In a decision dated January 7, 2013, the California Court of Appeal invalidated a mandatory arbitration and class action waiver clause in an automobile sales contract, ruling that the arbitration clause was unconscionable and rejecting the defendant's attempt to invoke the clause to compel arbitration and avoid a putative class action.
In Natalini v. Import Motors, Inc., A133236, 2013 WL 64611 (Cal. App. 1 Dist. Jan. 7, 2013) (unpublished), plaintiff asserted individual and class claims based on alleged violations of state consumer protection statutes – contending that the defendant, a car dealership, sold him a used car as new. The court refused to enforce the mandatory arbitration clause in the sales contract, holding that the clause was both procedurally and substantively unconscionable and was therefore unenforceable under California law.
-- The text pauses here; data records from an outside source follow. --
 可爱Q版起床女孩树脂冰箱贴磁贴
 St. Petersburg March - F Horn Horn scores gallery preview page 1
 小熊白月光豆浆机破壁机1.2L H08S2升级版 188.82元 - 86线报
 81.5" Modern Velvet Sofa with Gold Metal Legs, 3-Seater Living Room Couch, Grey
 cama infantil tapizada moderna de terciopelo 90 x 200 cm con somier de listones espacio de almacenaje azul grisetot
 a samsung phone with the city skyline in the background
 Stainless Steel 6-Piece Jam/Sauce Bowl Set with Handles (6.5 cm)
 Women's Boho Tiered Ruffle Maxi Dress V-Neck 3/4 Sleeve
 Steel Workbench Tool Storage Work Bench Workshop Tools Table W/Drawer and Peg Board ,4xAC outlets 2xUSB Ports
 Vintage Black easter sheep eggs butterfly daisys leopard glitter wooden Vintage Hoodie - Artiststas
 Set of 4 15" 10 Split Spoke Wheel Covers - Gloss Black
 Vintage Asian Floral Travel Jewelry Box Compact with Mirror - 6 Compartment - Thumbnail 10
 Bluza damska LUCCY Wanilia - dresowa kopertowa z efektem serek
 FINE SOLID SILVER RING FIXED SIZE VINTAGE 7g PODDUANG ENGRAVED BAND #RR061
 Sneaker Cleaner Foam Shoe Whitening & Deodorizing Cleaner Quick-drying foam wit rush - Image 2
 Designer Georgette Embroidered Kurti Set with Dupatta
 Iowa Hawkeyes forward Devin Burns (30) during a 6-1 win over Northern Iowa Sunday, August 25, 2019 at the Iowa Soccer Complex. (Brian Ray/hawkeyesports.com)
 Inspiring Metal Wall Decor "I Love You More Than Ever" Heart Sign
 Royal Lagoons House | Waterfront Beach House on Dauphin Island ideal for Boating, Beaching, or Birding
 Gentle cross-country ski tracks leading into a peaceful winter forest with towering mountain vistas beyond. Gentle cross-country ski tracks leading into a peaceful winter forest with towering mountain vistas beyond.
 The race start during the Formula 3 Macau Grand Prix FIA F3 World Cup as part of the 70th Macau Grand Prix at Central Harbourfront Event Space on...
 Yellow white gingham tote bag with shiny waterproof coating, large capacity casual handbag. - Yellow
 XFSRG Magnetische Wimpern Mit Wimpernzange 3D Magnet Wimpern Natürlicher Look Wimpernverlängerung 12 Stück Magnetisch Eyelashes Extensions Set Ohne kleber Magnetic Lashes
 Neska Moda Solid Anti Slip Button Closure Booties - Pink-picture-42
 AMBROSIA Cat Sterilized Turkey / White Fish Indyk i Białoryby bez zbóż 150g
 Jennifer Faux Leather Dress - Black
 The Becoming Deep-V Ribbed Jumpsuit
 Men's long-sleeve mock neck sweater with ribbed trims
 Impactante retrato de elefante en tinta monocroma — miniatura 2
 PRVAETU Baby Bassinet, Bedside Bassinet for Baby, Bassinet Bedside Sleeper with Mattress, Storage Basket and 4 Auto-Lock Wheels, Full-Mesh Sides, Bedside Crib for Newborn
The arbitration clause was found to be substantively unconscionable because the terms were unfairly one-sided in their practical effect, favoring remedies likely to be pursued by the seller over those benefitting a buyer. For example, the clause provided for appeals only in cases where the seller would be the likely appellant (e.g. where an award included injunctive relief); and it exempted self-help remedies from arbitration including, notably, repossession – thereby allowing the car dealer to repossess a car in the event of alleged nonpayment without giving the purchaser the opportunity to dispute the claim in arbitration. The court also ruled that the clause was procedurally unconscionable, in part because it was a contract of adhesion (a take-it-or leave it agreement), but also because it was located on the back of a form and was not pointed out to the buyer before he signed the agreement. Because the arbitration clause contained multiple defects, the court also concluded that it was “permeated with unconscionability” under California law, id. at *7, and that the offending provisions therefore could not be severed. The entire clause was deemed unenforceable.
The court recognized that Concepcion had overturned California’s Discover Bank rule, under which class action waivers in consumer contracts had regularly been held unconscionable. But, emphasizing the broadly one-sided nature of the clause at issue, reflected in multiple terms favoring the seller, the court nevertheless invalidated it. The court reasoned that its decision was consistent with Concepcion because it did not apply the doctrine of unconscionability in a way that “disfavor[ed] arbitration.” Natalini, 2013 WL 64611 at *3. In the court’s view, the “conclusion that an adhesive provision is unconscionable because it is crafted overly in favor of the drafter does not rely on any judicial policy judgment disfavoring arbitration.” Id. (internal quotation omitted).
The message of Natalini is that even after Concepcion, courts will continue to scrutinize arbitration clauses for substantive and procedural unconscionability; and where, as in Natalini, the terms of an arbitration clause are found to favor the seller over the buyer in ways that go beyond the simple waiver of class claims, such a clause may still be invalidated as unconscionable -- at least in some jurisdictions. Drafters should therefore assume that an arbitration clause may be held to be substantively unconscionable, even after Concepcion, if (1) the clause contains provisions that operate unfairly to the disadvantage of claimants and (2) those provisions are not, as the Court put it in Concepcion, “fundamental attributes of arbitration” – such that an attack upon them disfavors arbitration itself. AT&T Mobility LLC v. Concepcion, 131 S.Ct. 1740, 1748 (U.S. 2011).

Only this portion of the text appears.